Task details -
Print exactly the lines below between the line holding "Stand Up Pouch with Zip Lock for Cookies" and the line holding "Used 2017 BMW 530i RWD image 19", inclusive, and nothing more.

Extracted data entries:

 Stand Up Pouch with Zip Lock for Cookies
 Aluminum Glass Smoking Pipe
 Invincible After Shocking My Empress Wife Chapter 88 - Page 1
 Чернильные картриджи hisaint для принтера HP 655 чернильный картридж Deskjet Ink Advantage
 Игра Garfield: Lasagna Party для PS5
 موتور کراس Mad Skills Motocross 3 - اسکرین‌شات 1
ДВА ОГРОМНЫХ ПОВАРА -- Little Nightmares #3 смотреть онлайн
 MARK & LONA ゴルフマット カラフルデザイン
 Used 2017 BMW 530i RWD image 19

--

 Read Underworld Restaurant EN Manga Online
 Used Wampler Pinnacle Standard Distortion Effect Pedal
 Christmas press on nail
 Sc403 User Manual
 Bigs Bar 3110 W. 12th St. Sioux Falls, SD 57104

---

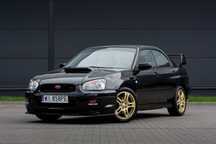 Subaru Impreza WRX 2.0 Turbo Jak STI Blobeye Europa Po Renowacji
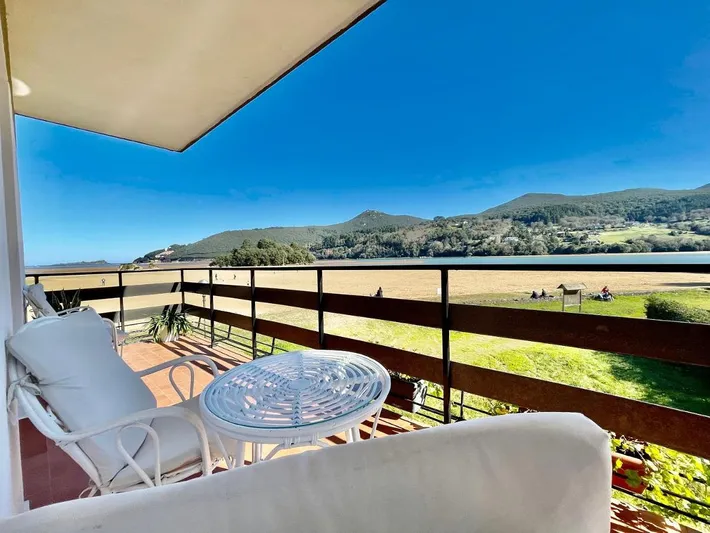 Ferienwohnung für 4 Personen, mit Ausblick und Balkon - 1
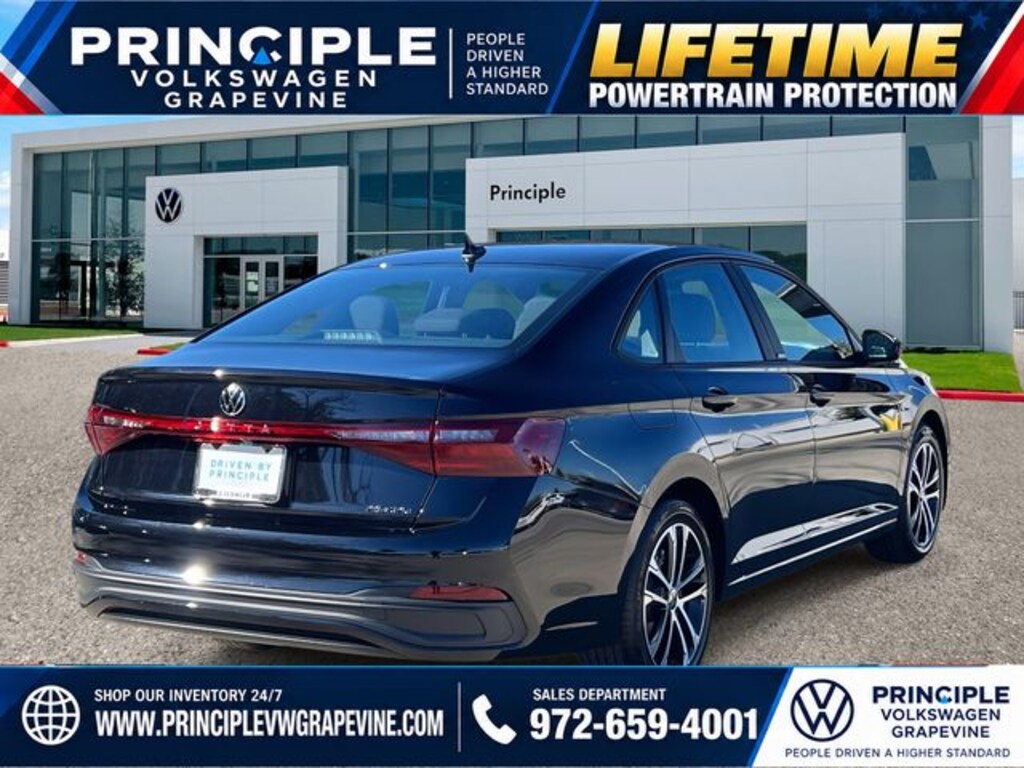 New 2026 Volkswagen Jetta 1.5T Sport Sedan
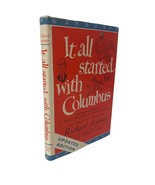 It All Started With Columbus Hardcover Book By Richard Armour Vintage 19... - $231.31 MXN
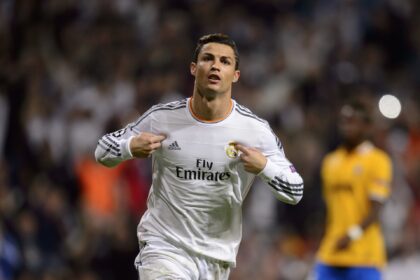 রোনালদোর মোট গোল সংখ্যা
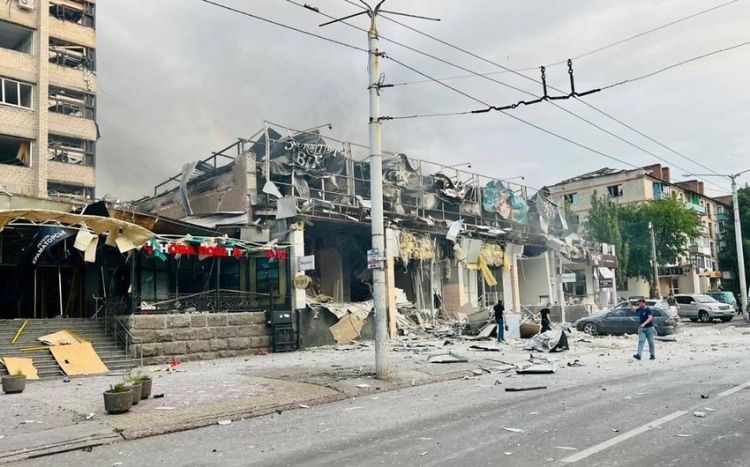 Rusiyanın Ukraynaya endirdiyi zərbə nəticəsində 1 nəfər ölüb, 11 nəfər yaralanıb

Answer box -
 Stand Up Pouch with Zip Lock for Cookies
 Aluminum Glass Smoking Pipe
 Invincible After Shocking My Empress Wife Chapter 88 - Page 1
 Чернильные картриджи hisaint для принтера HP 655 чернильный картридж Deskjet Ink Advantage
 Игра Garfield: Lasagna Party для PS5
 موتور کراس Mad Skills Motocross 3 - اسکرین‌شات 1
ДВА ОГРОМНЫХ ПОВАРА -- Little Nightmares #3 смотреть онлайн
 MARK & LONA ゴルフマット カラフルデザイン
 Used 2017 BMW 530i RWD image 19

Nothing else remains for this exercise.